It includes 918 patient records, 11 clinical features, and one target variable.
The original dataset was downloaded from Kaggle and was created by merging five well-known cardiology datasets.
The version used in this project underwent additional preprocessing steps, including standardization, normalization, categorical encoding, and removal of the Sex feature. The resulting dataset is used for experimentation and model development.
Supported Tasks
This dataset can be used for a variety of machine learning tasks, including:
Binary Classification
Predicting whether a patient has heart disease.
Risk Scoring / Clinical Risk Stratification
Estimating cardiac risk based on clinical variables.
Explainable AI (XAI)
Useful for feature-importance analysis and interpretability.
Languages
English (en)
Dataset Structure
Data Instances
Each instance represents one patient.

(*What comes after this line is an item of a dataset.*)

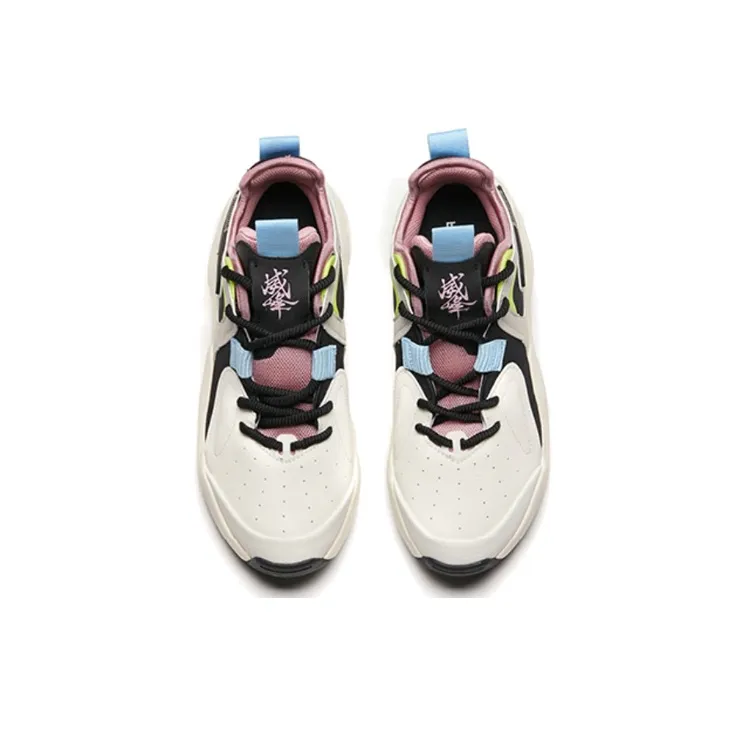 Anta Bastard Cushioning Anti Slip And Wear Resistant Low Top Chunky Sneakers Women's Black White Gray-2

Example:
| Age | Sex | ChestPainType | RestingBP | Cholesterol | FastingBS | RestingECG | MaxHR | ExerciseAngina | Oldpeak | ST_Slope | HeartDisease |
|---|---|---|---|---|---|---|---|---|---|---|---|
| 54 | M | ASY | 140 | 239 | 0 | Normal | 160 | N | 1.2 | Flat | 1 |
Data Fields
| Field | Type | Description |
|---|---|---|
| Age | int | Patient age in years |
| Sex | binary | Patient sex (M = male, F = female) |
| ChestPainType | category | Chest pain type (TA, ATA, NAP, ASY) |
| RestingBP | int | Resting blood pressure (mm Hg) |
| Cholesterol | int | Serum cholesterol (mg/dL) |
| FastingBS | binary | Fasting blood sugar (1 if >120 mg/dL, 0 otherwise) |
| RestingECG | category | Resting ECG results (Normal, ST, LVH) |
| MaxHR | int | Maximum heart rate achieved |
| ExerciseAngina | binary | Exercise-induced angina (Y/N) |
| Oldpeak | float | ST depression relative to rest |
| ST_Slope | category | Slope of the ST segment (Up, Flat, Down) |
| HeartDisease | binary | Target variable (1 = disease, 0 = no disease) |
Dataset Creation
Source Data
The preprocessed dataset used in this project originates from the Kaggle dataset “Heart Failure Prediction Dataset”.

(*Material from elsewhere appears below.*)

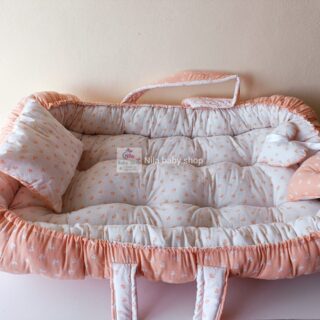 Baby Nest Sleeper, Baby Co-Sleeper, Baby Bassinet for Bed, 100% Soft Cotton Breathable and Portable Crib with Pillow Perfect for Traveling and Napping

The raw dataset was created by merging five widely-used cardiology datasets:
- Cleveland (303 samples)
- Hungarian (294 samples)
- Switzerland (123 samples)
- Long Beach VA (200 samples)
- Stalog (270 samples)
The Kaggle author selected the 11 common features and merged the datasets into a unified collection of 1,190 records, then removed 272 duplicates, resulting in 918 unique samples.
All initial merging and normalization steps were performed by the dataset author on Kaggle.
Annotations
No manual annotations were added.
The target variable HeartDisease is already included in the original dataset.
Personal and Sensitive Information
Although the dataset contains clinical information (sensitive under GDPR), it is fully anonymized:
- No personal identifiers (name, address, contact details, IDs).
- All sources were already anonymized before publication.
- No biometric or genetic data are included.
Thus, while clinically sensitive, the dataset does not pose identifiable privacy risks.
Considerations for Using the Data
Social Impact of Dataset
The dataset can support research and development of models for cardiac risk prediction and early detection.
However:
- Models trained on this dataset must not be used as standalone diagnostic tools.
- They should not be the sole basis for clinical decisions.
- Misuse in healthcare contexts may lead to incorrect risk assessment.
Discussion of Biases
This dataset may contain several sources of bias that can affect model performance and fairness:
- The data comes from multiple hospitals and countries, each with different patient profiles and clinical protocols. Some groups may be underrepresented.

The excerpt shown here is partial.